Lilypie Angel and Memorial tickers


Saturday, May 11, 2013

May 11th - 6 Weeks 2 Days Pregnant......I Hope :'(

What a whirlwind of emotions I've been through today. :'/  This morning I started spotting, and within an hour the bleeding was bright red and flowing like an extremely light period. I'm having mild cramps as well. I haven't passed any clots, and also this bleeding/cramps is nothing like my miscarriage last year.  When I saw the blood this morning I was devastated and I lost it.  I want this baby so bad.  :'/  

Now the bleeding has almost completely stopped.
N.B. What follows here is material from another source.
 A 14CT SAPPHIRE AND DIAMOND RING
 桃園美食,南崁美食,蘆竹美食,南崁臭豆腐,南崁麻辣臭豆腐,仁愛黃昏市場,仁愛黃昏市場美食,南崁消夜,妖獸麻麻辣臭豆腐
I'm at a loss, and don't know what to think.  Should I just allow myself to grieve or should I hang on to hope that everything is okay? :'(   
Since I'm here with Mom for the weekend, she wanted to take me to ER tonight but I figure there's no sense in doing that.  We would have to pay $150 up front, and they will just do an ultrasound and either tell me that my baby is fine, or gone.  I figured the smarter move would be to just wait till Monday and call my OB/GYN and try to get an ultrasound as soon as possible.  I'm 6 weeks 2 days today, so Monday I would be 6 weeks 4 days and I'm pretty sure they'll be able to tell if my baby is okay or not.  
My heart is breaking.....and I'm trying not to allow myself to break down just in case my little gummy bear is still trying to hang on.  :'(   

1 comment:

  1. I love you, Hailey, and though I can't understand all of this either, I know we will hold our lil angel one day. And until that day, I will remember the immeasureable joy she already brought us.